I also have a question my 2nd batch of British pale ale has been in my secondary for 12 days I just racked it to another carbouy to bottle and get the hoops out and try to let the yeast settle. But it's still fermenting, a bubble
every few minutes,is this ok to bottle ? I've never
had a batch go on this way, and the FG hasn't changed since I put it in the secondary.



 

If the SG of your beer hasn't changed at all after several days it's done fermenting. The bubbles that you're getting are due to CO2 that dissolved into the beer during fermentation working it's way out.
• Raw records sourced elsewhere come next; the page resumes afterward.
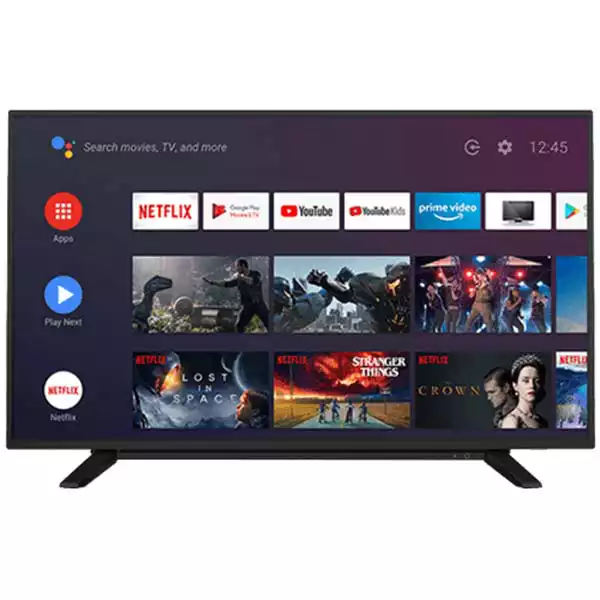 SMART LED TV 50 Toshiba 50UA2063DG 3840x2160/4K/UHD/DVB-T2/C/S2/Android 9.0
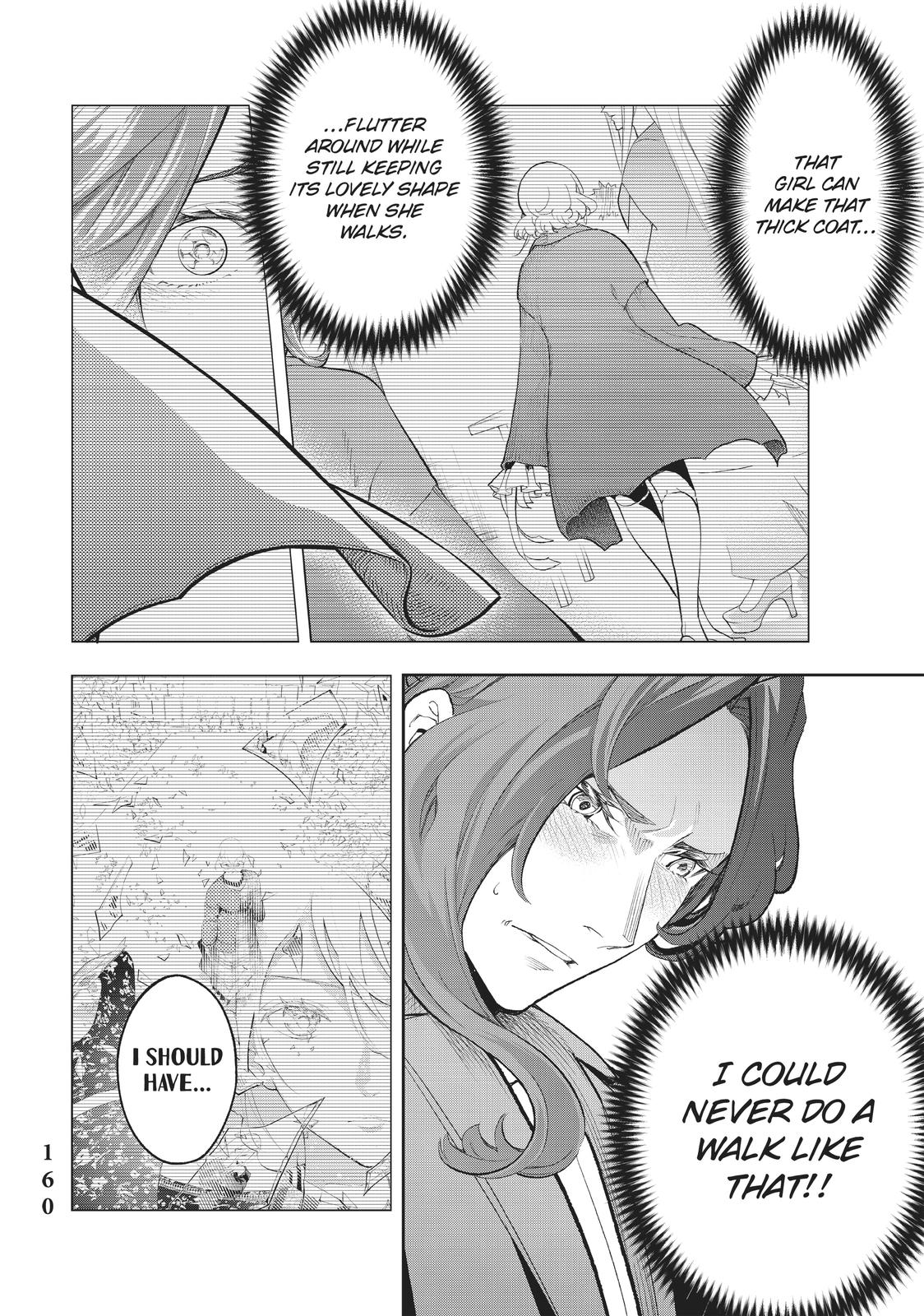 Runway de Waratte Chapter 121 page 18 - Chapter 121
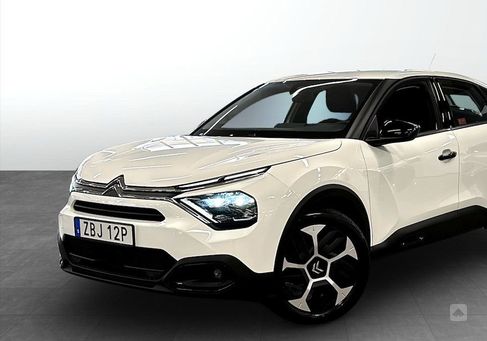 Citroën C4, 2021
As long as you gravity isn't dropping anymore it's safe to bottle.

 

bubles mean nothing after the first week, I wouldn't even use a secondary for an ale, but that's your choice, alot of people do it, but it's just more work, and exposes your beer to the air more than it needs to be.
     I ferment in primary, dry hop in primary, and the after 2 weeks, put it into the bottling bucket or keg.  Your bottles are actually the secondary, and the yeast will settle nicely to the bottom.  I save a true secondary for fruit beers. 
     The biggest problem with taking the beer off the yeast, is that people do it to early, right after fermentations is complete.  If you do this, you don't let the yeast work it's real magic, Cleaning up the off flavors, and green flavors.  Some yeasts are cleaner than others, but for the most part you need to leave the yeast on the cake for at least 2 weeks.  Some like the S-04 are incredibly clean even after as little as 3 days.